SOURCE DATA -
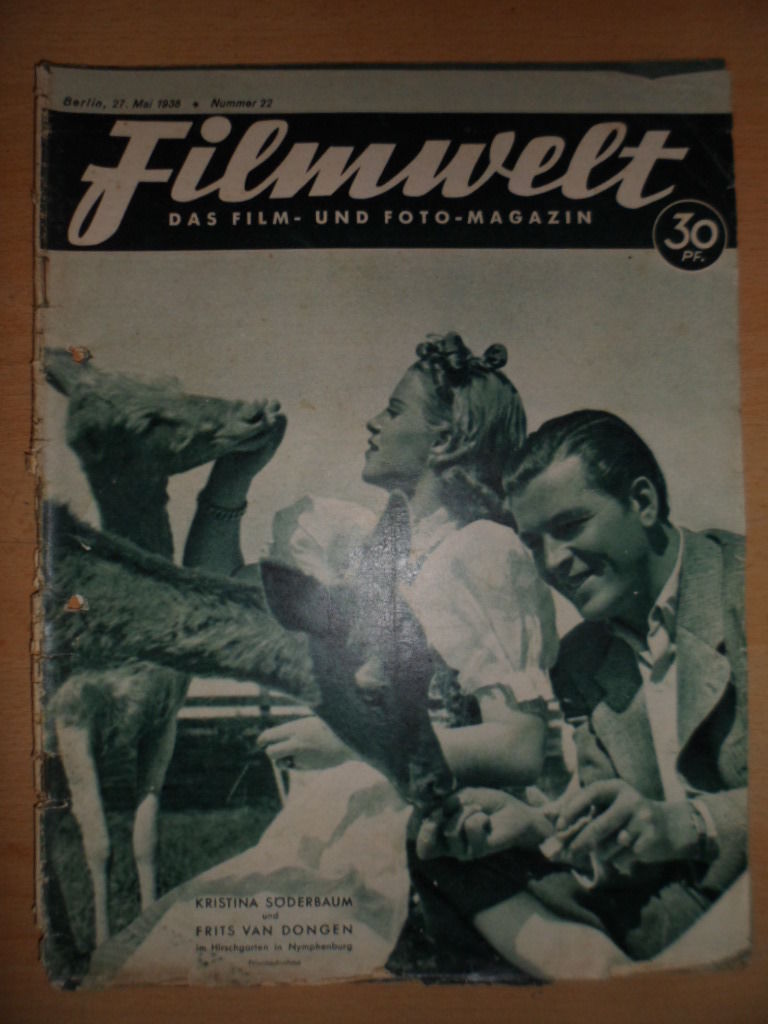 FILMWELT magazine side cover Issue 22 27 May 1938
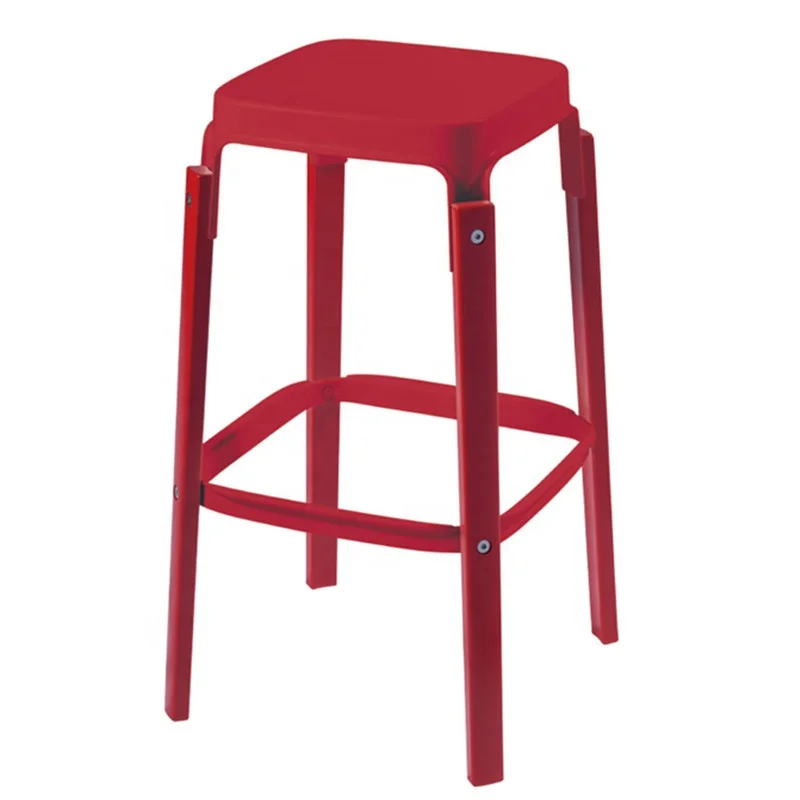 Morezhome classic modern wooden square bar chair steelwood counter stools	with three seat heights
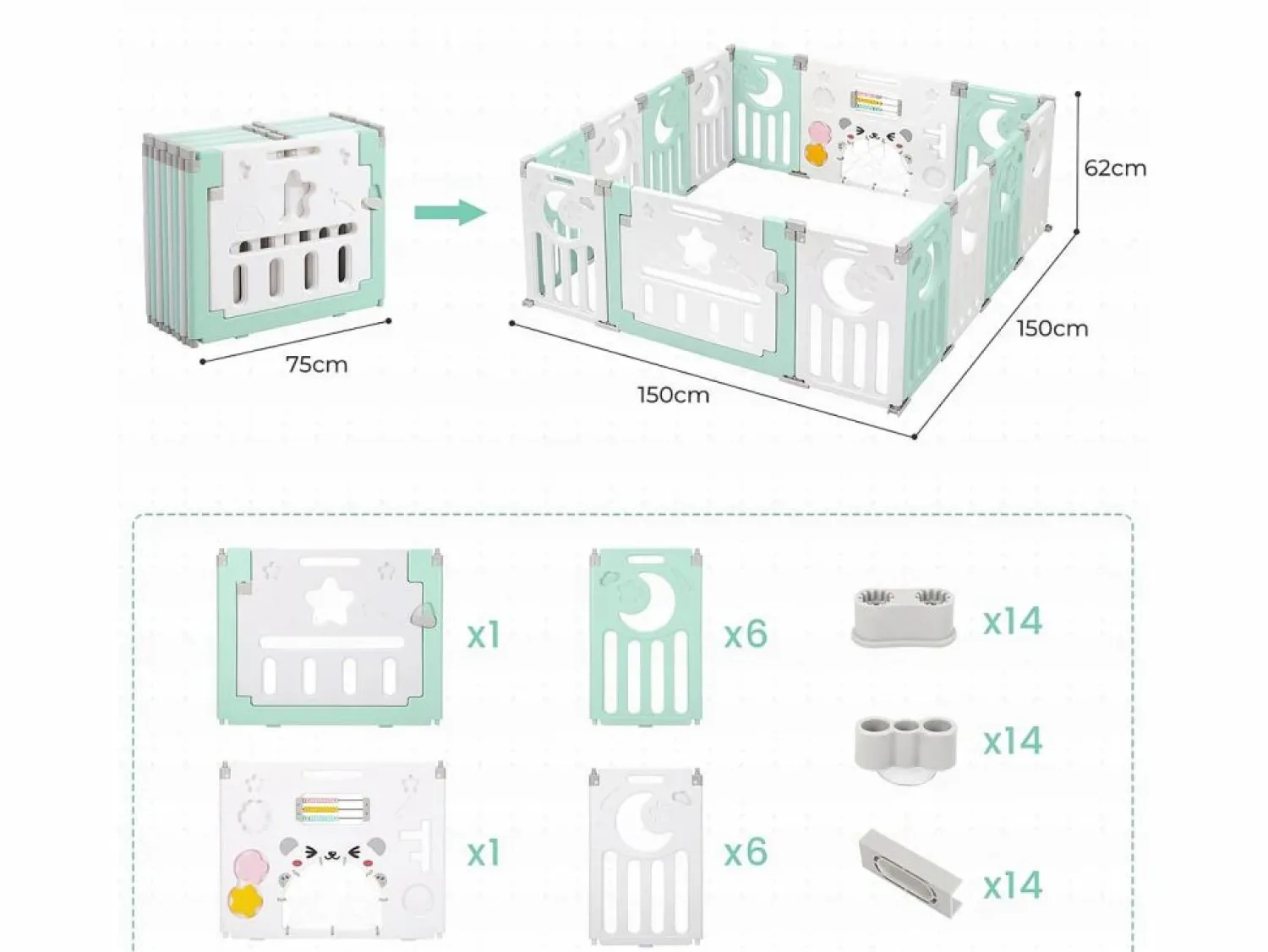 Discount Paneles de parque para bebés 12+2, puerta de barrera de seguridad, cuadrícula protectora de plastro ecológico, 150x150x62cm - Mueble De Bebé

TASK INSTRUCTIONS - Print each line above exactly as it appears, excluding all images.

TASK OUTPUT -
 FILMWELT magazine side cover Issue 22 27 May 1938
 Morezhome classic modern wooden square bar chair steelwood counter stools	with three seat heights
 Discount Paneles de parque para bebés 12+2, puerta de barrera de seguridad, cuadrícula protectora de plastro ecológico, 150x150x62cm - Mueble De Bebé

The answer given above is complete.